Family of James Leach
(Father of Tom and Irene
)




James was one of ten children born to Mary Henthorn Fitton and Thomas Leach (Tom) who were both born in Lancashire.

Thomas Leach's family was from Ireland.

Mary Fitton's parents were Ann Henthorn and Radcliffe Fitton. Mary's siblings were: John William Fitton (b 1845), Elizabeth Fitton (b 1848), Abraham Henthorn Fitton (b 1856), Alice Ann Fitton (b 1860), Deborah Fitton (b 1863).

Thomas Leach is the tall man in the front

Tom Burton (son of Alice Ann Leach) told me in 1999 about the Leach family:
Thomas Leach was a coal miner. Tom was about 6ft which was much taller than the average man (5ft 5") in those days. He was a very hairy-chested man. Tom worked at Cross & Tetley Pit, No. 6 Bamfurlong Pit, Wigan. He was a foreman at the mine and worked there about forty years. Mary Fitton was 44 years old when Alice Ann was born in 1896. She had babies about every two years from 1871 to 1896. Deborah (born 1863) and Alice Ann Fitton (born 1860) were her sisters and she had a brother Abraham. Richard Leach was born 26th April 1876. He was a butcher. He died from the residual effects of mustard gas from WWI in 1920s or 1930s. Thomas Leach died from cross-vaccination. He had been a healthy baby. Margaret Ann (Maggie) Leach left for the Untied State in about 1908.

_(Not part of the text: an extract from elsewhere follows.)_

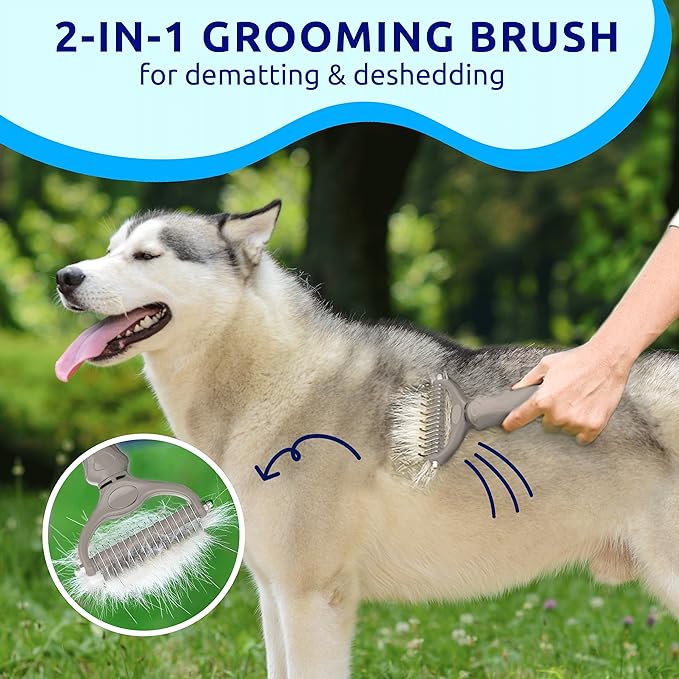 Pat your Pet Deshedding Dog Brush - Double Sided Undercoat Grooming Rake for Dogs & Cats, Dematting Comb and Shedding Tool, Extra Wide, Gray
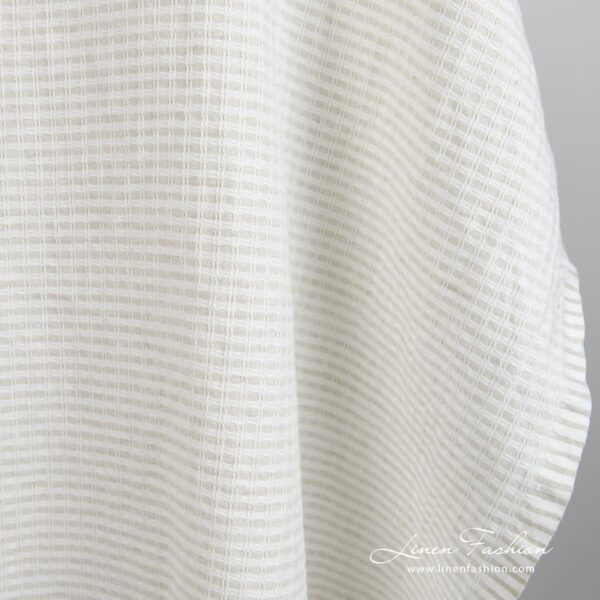 Light grey linen cotton fabric in checks, perfect for clothes and home textile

Mary and Tom's ten children were Mary Elizabeth Leach, Margaret Ann Leach (Maggie), Richard Radcliffe Leach (Dick), Tom Leach, Deborah Leach, John William Fitton Leach (Jack), James Leach (Jim), Ellis Leach, Alice Ann Leach (San) and one unknown child who died. Three of the ten children died leaving seven surviving children.Their son, Thomas Leach, was born 31st March 1878 and unfortunately died in 1879. He died from cross-vaccination. He had been a healthy baby. Their son, Ellis Leach, was born March 1891 and died in June of that year.

Mary Leach (née Fitton)

Mary Henthorn Fitton
b. 19 May 1852
chr. 18 July 1852
Holy Trinity, Shaw, Lancs
d. 6 August 1921

Thomas Leach (Tom)
b. 16 February 1850
Rochdale, Lancs
d. 19 May 1911
Wigan, Lancs

married
1870/71

TEN CHILDREN OF MARY & TOM LEACH

i) Mary Elizabeth Leach (Betty) - b. 24 Feb 1871 - d. 1946 -
married J Belshaw 1903 -
family immigrated in 1909 to Clinton, Indiana, USA
children: Eleanor 19 Jan 1899, James Belshaw b. 1905

ii) Margaret Ann Leach (Maggie) - b. 26 Jan 1872 - d. 1945-
married ? Dowey June 1894
child: Eva Dowey b 1894/5

iii) Richard Radcliffe Leach (Dick) - b. 26 Apr 1876 Oldham, Lancs - d. 1920
married Eliza Ellen 1902/03

iv) Tom Leach - b. 31 Mar 1878 - d. 1879

v) Deborah Leach - b. 26 Feb 1884 Wigan - d. 24 May 1970
married Roger Aspinall 10 April 1910
child: Vernon Aspinall married Bessie Meadows b. 1916? d. 13 August 2012 (age 96)
(son Roger Ian Aspinall - called Ian)

vi) John William Fitton Leach (Jack) - b. 20 April 1886 - d.1940
married 1906
Two sons - Ellis Leach married Estrella
? Leach


vii) James Leach (Jim) - b. 4 March 1888 - d. 1926 -
married Mabel Ellen Rebecca Britnell (Rebecca) Aug 1909

children: Irene and Tom Leach

viii) Ellis Leach - b March 1891 - d. June 1891

ix) Alice Ann Leach (San) - b. 5 May 1896 Wigan - d. 23 Feb 1983
emigrated to United States in 1923
- married John William Burton 23 Oct 1927 -
son: Tom Burton b. 1929 (married Alberta Burns)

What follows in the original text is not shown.